--- COLLECTED DATA Enclosed Below ---
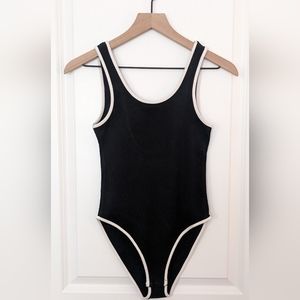 Small Black White Contrast Binding Tank Bodysuit
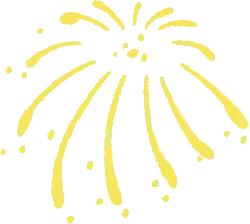 Fireworks - celebration - yellow - Transparent Background PNG
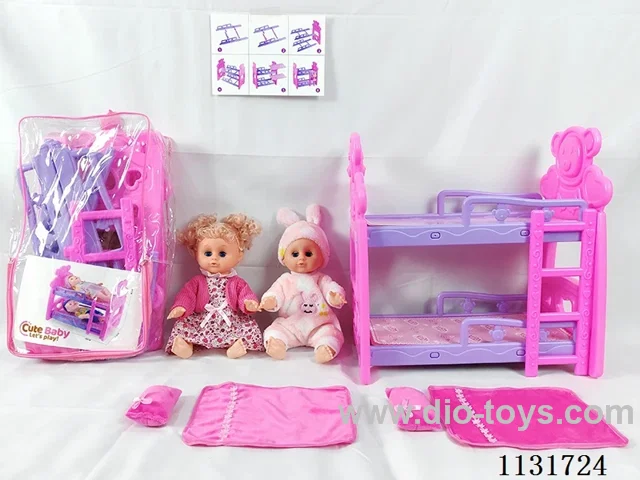 2 14" dolls with English IC, bunk beds, 2 pillows, 2 quilts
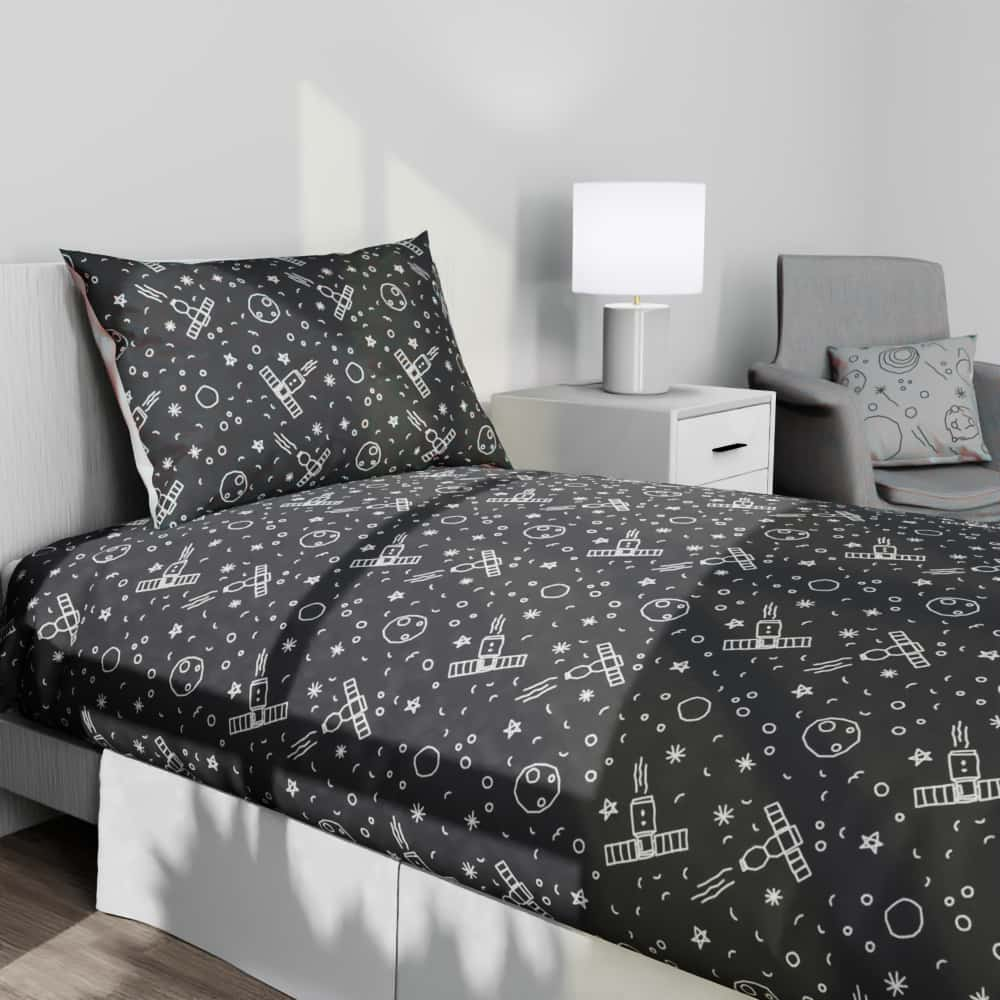 Space Line Pattern Reversible Duvet Bed Set - Kidz Bedding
--- End of Enclosed COLLECTED DATA ---
The pictures should not be reproduced; quote all of the other material exactly.

**WRITTEN RESPONSE**
 Small Black White Contrast Binding Tank Bodysuit
 Fireworks - celebration - yellow - Transparent Background PNG
 2 14" dolls with English IC, bunk beds, 2 pillows, 2 quilts
 Space Line Pattern Reversible Duvet Bed Set - Kidz Bedding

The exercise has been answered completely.